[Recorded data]
● ● ● ●

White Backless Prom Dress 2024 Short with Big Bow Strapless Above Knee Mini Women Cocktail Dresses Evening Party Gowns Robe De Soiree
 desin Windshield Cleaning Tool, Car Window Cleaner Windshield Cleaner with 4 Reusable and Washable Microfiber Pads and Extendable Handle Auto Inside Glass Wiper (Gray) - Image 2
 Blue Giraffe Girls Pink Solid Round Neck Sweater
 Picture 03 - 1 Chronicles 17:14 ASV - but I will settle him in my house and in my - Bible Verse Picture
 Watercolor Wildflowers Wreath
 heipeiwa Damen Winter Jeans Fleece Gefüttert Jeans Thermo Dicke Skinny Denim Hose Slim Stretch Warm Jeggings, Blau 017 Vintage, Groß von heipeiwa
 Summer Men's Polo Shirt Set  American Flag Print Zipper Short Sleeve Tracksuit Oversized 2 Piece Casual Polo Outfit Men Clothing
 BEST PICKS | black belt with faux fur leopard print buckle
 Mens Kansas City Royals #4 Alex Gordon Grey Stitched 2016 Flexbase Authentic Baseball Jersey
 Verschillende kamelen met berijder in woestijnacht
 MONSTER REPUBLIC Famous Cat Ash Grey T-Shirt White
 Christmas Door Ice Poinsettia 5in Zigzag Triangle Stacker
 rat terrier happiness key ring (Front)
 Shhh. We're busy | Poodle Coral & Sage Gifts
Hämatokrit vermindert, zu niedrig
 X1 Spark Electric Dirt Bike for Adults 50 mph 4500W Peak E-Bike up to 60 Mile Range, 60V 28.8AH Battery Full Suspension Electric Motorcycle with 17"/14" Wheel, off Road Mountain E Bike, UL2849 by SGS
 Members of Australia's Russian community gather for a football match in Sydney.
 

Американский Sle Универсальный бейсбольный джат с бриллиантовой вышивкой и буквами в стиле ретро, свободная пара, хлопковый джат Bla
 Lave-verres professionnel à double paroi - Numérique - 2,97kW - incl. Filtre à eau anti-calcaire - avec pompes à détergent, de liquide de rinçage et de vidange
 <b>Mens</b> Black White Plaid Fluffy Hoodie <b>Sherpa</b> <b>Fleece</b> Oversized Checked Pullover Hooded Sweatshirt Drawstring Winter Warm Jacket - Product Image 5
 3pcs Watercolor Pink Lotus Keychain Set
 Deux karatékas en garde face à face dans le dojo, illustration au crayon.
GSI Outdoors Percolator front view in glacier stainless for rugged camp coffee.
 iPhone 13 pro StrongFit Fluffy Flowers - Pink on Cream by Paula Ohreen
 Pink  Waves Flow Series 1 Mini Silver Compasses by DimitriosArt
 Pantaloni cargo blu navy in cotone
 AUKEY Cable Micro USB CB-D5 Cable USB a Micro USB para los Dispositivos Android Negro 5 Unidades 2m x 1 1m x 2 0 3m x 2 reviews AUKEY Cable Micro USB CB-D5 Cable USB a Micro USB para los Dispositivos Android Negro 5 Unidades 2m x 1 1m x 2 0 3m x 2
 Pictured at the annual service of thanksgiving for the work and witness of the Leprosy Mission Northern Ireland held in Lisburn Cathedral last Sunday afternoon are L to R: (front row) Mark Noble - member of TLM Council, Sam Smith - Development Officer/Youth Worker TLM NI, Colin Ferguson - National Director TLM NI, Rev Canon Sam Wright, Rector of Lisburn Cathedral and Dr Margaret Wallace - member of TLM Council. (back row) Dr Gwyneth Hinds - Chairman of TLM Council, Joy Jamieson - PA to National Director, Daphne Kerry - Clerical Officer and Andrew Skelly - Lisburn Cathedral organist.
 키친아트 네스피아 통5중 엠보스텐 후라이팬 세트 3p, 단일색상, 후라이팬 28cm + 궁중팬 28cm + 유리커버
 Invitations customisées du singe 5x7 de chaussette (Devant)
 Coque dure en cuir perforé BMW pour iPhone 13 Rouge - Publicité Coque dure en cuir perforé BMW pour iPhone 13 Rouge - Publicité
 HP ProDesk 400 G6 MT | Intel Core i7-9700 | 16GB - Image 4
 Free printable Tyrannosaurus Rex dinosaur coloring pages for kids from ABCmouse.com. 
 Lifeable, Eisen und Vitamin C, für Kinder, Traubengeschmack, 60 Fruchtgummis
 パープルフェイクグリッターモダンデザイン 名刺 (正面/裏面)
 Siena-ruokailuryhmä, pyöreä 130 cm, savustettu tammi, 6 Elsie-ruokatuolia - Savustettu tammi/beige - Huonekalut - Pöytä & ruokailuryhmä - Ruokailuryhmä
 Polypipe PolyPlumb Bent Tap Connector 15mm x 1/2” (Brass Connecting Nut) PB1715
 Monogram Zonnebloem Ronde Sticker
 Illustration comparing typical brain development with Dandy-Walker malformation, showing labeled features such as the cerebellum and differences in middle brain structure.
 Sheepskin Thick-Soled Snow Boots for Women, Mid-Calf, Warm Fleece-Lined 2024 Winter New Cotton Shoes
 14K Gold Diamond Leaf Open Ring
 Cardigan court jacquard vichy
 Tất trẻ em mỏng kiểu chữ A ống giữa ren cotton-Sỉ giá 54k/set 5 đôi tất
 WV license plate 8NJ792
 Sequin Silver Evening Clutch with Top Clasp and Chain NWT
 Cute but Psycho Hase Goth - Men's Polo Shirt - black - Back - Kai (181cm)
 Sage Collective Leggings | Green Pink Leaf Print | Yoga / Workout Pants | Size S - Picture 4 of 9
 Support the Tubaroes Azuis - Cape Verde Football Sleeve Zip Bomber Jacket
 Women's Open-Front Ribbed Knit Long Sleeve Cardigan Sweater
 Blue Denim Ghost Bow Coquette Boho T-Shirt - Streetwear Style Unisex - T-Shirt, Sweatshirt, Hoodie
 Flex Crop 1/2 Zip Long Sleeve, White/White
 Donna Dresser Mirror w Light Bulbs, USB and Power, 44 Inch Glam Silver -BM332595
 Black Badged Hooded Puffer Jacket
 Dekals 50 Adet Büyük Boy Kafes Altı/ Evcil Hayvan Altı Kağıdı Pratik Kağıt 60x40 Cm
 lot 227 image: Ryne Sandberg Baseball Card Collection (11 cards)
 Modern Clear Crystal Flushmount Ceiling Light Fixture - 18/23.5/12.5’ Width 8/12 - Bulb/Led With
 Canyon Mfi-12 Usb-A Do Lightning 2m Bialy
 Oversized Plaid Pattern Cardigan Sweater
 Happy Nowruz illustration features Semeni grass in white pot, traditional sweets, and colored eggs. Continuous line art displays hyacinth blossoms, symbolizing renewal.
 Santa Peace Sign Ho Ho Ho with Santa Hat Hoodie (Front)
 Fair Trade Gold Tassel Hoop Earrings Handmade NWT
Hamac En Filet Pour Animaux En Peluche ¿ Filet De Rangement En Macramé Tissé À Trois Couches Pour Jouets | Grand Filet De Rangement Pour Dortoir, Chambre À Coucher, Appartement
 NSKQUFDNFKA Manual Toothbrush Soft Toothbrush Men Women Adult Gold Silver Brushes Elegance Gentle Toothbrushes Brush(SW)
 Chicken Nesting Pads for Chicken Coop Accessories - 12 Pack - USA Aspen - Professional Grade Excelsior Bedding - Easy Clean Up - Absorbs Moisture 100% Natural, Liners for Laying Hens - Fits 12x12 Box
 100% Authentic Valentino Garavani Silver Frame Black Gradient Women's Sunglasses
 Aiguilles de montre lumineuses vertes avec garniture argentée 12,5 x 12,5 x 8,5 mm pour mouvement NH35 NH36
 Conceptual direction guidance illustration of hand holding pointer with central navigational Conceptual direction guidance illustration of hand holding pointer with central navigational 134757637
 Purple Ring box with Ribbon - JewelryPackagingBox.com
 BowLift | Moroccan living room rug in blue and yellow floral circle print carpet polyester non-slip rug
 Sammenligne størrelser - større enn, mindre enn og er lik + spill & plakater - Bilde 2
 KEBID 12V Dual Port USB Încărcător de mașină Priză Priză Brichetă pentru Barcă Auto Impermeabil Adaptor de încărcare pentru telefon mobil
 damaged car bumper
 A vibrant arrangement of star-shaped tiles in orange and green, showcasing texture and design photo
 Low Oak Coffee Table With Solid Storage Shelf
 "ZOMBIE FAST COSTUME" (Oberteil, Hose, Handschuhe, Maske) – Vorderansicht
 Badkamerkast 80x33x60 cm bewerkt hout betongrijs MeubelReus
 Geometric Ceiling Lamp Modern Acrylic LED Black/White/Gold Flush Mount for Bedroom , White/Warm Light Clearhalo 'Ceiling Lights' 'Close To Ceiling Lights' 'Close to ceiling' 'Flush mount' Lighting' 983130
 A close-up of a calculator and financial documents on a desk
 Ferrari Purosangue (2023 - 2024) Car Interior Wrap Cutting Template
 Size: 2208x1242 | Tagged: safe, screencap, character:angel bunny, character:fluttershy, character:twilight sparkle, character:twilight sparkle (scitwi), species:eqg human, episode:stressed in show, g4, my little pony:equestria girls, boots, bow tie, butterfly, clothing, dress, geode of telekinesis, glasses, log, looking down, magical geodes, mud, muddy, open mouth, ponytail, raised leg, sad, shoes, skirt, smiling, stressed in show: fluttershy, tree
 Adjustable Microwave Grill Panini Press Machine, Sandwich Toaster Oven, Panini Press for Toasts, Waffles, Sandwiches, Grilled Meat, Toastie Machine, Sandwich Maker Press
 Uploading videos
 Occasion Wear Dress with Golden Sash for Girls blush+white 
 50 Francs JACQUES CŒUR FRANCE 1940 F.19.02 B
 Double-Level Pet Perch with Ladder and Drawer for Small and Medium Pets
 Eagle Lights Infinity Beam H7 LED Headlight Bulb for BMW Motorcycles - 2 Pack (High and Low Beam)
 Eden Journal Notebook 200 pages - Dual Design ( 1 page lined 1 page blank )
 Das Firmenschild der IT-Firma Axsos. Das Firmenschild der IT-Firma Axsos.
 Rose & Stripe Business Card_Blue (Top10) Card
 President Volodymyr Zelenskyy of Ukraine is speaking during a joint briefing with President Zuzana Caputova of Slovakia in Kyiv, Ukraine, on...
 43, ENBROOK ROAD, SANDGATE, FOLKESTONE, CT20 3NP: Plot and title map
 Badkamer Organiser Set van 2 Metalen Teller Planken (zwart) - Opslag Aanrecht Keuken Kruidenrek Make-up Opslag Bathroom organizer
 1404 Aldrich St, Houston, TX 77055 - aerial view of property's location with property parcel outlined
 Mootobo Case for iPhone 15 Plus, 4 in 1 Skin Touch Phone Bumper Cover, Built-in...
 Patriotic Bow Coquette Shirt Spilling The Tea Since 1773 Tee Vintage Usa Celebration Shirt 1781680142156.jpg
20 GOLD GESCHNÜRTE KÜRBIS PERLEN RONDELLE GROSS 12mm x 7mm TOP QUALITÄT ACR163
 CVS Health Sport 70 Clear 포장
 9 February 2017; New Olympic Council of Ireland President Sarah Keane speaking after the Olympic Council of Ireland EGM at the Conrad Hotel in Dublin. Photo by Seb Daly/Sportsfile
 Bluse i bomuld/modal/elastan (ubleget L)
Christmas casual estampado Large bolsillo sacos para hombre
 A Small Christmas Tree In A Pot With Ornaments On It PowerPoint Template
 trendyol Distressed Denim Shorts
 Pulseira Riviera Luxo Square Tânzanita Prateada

● ● ● ●

* _EXERCISE BRIEF_: Transcribe the records above from the line holding "Cute but Psycho" down to the line holding "Blue Denim Ghost", inclusive, without adding anything.

* _REPLY TO THE TASK_:
 Cute but Psycho Hase Goth - Men's Polo Shirt - black - Back - Kai (181cm)
 Sage Collective Leggings | Green Pink Leaf Print | Yoga / Workout Pants | Size S - Picture 4 of 9
 Support the Tubaroes Azuis - Cape Verde Football Sleeve Zip Bomber Jacket
 Women's Open-Front Ribbed Knit Long Sleeve Cardigan Sweater
 Blue Denim Ghost Bow Coquette Boho T-Shirt - Streetwear Style Unisex - T-Shirt, Sweatshirt, Hoodie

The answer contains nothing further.